No one has the balls to ask me that question this pregnancy, I got it lots after my last one though.
This is our absolute last and our 3rd son, my family are happy with that, they are excited as they should be! No one should show disappointment in another's child and ask if they are going to try again, like your new baby was some failed attempt at something else? So bloody frustrating!
I know it's hard, I'm due Sunday and still find myself having moments of sadness over the daughter I'm never going to have, but I can't wait to meet this new little man and spoil him with love.
:hugs:


----------



## lovelylaura

I hate this question. For us we are done too. I have avoided family quite alot since we found out as they ask every bloody time i see them. Not having my preferred gender doesn't mean i can suddenly afford to keep having children untill i get a boy. It opens alot of wounds for me as i find myself dwelling on it again. No advice sorry xx


----------



## Jess29

I'm so sorry. That's very upsetting, especially on Mother's Day. And considering you just found out not too long ago. People need to be more sensitive.


----------



## ljo1984

I'm team yellow but I still get the same shit! My grandma today said my bump looks like a girl, "I'm sorry but it's another girl" sorry!!! Wtf 
I'd quite prefer another girl secretly but totally get the failed attempt thing as people automatically think I'm only having another baby as I must NEED a boy so if it comes out pink I'm gonna get responses from people along that line and I think I may just tell them to F right off and then blame it on hormones lol.


----------



## moter98

.


----------



## mrs owl

I agree with the above post in regards to people thinking you suddenly have the money to try for the baby of the gender you always wanted. 
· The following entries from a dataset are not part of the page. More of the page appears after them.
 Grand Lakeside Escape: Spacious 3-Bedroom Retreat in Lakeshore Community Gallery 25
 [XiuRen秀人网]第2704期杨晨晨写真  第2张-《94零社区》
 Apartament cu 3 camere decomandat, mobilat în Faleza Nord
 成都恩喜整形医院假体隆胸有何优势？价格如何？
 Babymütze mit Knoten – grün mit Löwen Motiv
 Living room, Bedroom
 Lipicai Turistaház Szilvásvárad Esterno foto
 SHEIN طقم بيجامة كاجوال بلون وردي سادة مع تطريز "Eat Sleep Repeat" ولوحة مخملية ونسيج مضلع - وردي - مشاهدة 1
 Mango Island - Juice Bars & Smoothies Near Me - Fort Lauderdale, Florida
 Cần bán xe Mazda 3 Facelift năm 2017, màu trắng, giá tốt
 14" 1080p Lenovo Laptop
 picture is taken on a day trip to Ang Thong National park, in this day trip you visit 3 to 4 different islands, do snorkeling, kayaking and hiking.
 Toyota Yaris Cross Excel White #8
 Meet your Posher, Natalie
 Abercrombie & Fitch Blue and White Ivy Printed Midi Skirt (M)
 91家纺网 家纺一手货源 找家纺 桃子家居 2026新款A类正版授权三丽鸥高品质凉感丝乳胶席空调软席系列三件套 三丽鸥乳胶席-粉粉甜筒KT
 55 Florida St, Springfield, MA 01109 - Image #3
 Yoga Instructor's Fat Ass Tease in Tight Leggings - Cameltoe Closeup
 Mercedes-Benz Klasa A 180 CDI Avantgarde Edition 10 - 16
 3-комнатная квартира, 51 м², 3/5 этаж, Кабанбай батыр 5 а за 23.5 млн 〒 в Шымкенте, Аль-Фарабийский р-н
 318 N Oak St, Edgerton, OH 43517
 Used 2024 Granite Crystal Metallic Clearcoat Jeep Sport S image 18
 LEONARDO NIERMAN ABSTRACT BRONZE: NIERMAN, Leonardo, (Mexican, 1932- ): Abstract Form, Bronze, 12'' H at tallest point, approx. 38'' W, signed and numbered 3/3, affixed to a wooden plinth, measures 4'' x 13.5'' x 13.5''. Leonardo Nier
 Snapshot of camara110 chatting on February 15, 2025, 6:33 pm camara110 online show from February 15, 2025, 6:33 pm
Financially we can't afford another baby, emotionally I don't want another baby. I wish people would stop saying "oh you can try again" - I have a very strong feeling if we try again I will end up with another girl, what will people say then, oh but you can try again! some people are just idiots.

sorry for the rant..


----------



## ttclou25

So frustrating when people say this. When we had our 13 week scan the sonographer said another boy, so i was sad and slightly disappointed i wasnt getting my girl, i was still excited to share my news. First thing my mum says is you will try again wont you? People can be so rude!! 

Turned out on 16 week and 18 week scan he was a she which was delight to my mum, but still again so incentive and darn right rude. i say we should be rude back :haha:


----------